▶ _PROBLEM TO SOLVE_:
Go through the entries below from the first line and output each one exactly, up to and including the line with "EKSANTRİK MİLİ L13TL".

▶ _INPUT RECORDS_:
[Start of Attachment]

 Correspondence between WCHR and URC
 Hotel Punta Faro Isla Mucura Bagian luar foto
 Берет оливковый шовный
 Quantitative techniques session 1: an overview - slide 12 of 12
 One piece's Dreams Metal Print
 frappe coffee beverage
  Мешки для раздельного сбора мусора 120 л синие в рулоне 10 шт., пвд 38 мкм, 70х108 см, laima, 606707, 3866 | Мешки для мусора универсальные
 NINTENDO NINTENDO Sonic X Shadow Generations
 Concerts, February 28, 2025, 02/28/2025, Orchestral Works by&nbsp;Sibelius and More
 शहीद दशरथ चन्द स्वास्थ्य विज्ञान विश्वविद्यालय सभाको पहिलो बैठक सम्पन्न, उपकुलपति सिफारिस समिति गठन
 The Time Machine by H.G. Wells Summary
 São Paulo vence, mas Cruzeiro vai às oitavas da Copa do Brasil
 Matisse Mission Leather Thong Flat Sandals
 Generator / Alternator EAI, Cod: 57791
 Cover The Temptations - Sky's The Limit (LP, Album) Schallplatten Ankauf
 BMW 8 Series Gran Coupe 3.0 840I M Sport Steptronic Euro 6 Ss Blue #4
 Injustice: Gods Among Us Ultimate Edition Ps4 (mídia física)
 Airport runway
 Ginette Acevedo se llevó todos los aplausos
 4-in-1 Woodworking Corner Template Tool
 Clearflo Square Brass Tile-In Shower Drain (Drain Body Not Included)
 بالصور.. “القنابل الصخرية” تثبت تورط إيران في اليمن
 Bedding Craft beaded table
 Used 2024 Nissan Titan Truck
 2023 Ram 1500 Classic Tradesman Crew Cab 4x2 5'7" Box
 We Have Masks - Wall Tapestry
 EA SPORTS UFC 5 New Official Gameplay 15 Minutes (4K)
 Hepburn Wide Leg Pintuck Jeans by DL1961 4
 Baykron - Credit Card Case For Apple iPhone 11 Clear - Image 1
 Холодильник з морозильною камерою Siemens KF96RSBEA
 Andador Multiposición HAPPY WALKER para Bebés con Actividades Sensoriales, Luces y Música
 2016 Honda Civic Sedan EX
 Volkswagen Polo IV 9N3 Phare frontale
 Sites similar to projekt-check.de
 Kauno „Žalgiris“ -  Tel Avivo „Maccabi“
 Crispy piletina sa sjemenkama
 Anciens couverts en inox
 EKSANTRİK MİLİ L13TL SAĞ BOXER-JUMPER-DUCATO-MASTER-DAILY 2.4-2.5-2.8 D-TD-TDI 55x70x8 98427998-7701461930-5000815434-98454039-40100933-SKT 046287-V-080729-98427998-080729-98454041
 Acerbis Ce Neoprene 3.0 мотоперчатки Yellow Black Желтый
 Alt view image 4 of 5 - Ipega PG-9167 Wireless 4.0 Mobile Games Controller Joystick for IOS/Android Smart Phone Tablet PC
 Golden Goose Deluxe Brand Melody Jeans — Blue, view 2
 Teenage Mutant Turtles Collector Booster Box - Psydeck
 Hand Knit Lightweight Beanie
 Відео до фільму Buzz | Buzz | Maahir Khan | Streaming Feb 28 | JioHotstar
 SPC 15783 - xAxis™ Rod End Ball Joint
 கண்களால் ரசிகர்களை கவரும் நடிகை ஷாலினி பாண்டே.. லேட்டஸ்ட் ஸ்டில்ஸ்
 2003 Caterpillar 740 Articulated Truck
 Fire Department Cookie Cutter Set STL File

[End of Attachment]

▶ _RESULT_:
 Correspondence between WCHR and URC
 Hotel Punta Faro Isla Mucura Bagian luar foto
 Берет оливковый шовный
 Quantitative techniques session 1: an overview - slide 12 of 12
 One piece's Dreams Metal Print
 frappe coffee beverage
  Мешки для раздельного сбора мусора 120 л синие в рулоне 10 шт., пвд 38 мкм, 70х108 см, laima, 606707, 3866 | Мешки для мусора универсальные
 NINTENDO NINTENDO Sonic X Shadow Generations
 Concerts, February 28, 2025, 02/28/2025, Orchestral Works by&nbsp;Sibelius and More
 शहीद दशरथ चन्द स्वास्थ्य विज्ञान विश्वविद्यालय सभाको पहिलो बैठक सम्पन्न, उपकुलपति सिफारिस समिति गठन
 The Time Machine by H.G. Wells Summary
 São Paulo vence, mas Cruzeiro vai às oitavas da Copa do Brasil
 Matisse Mission Leather Thong Flat Sandals
 Generator / Alternator EAI, Cod: 57791
 Cover The Temptations - Sky's The Limit (LP, Album) Schallplatten Ankauf
 BMW 8 Series Gran Coupe 3.0 840I M Sport Steptronic Euro 6 Ss Blue #4
 Injustice: Gods Among Us Ultimate Edition Ps4 (mídia física)
 Airport runway
 Ginette Acevedo se llevó todos los aplausos
 4-in-1 Woodworking Corner Template Tool
 Clearflo Square Brass Tile-In Shower Drain (Drain Body Not Included)
 بالصور.. “القنابل الصخرية” تثبت تورط إيران في اليمن
 Bedding Craft beaded table
 Used 2024 Nissan Titan Truck
 2023 Ram 1500 Classic Tradesman Crew Cab 4x2 5'7" Box
 We Have Masks - Wall Tapestry
 EA SPORTS UFC 5 New Official Gameplay 15 Minutes (4K)
 Hepburn Wide Leg Pintuck Jeans by DL1961 4
 Baykron - Credit Card Case For Apple iPhone 11 Clear - Image 1
 Холодильник з морозильною камерою Siemens KF96RSBEA
 Andador Multiposición HAPPY WALKER para Bebés con Actividades Sensoriales, Luces y Música
 2016 Honda Civic Sedan EX
 Volkswagen Polo IV 9N3 Phare frontale
 Sites similar to projekt-check.de
 Kauno „Žalgiris“ -  Tel Avivo „Maccabi“
 Crispy piletina sa sjemenkama
 Anciens couverts en inox
 EKSANTRİK MİLİ L13TL SAĞ BOXER-JUMPER-DUCATO-MASTER-DAILY 2.4-2.5-2.8 D-TD-TDI 55x70x8 98427998-7701461930-5000815434-98454039-40100933-SKT 046287-V-080729-98427998-080729-98454041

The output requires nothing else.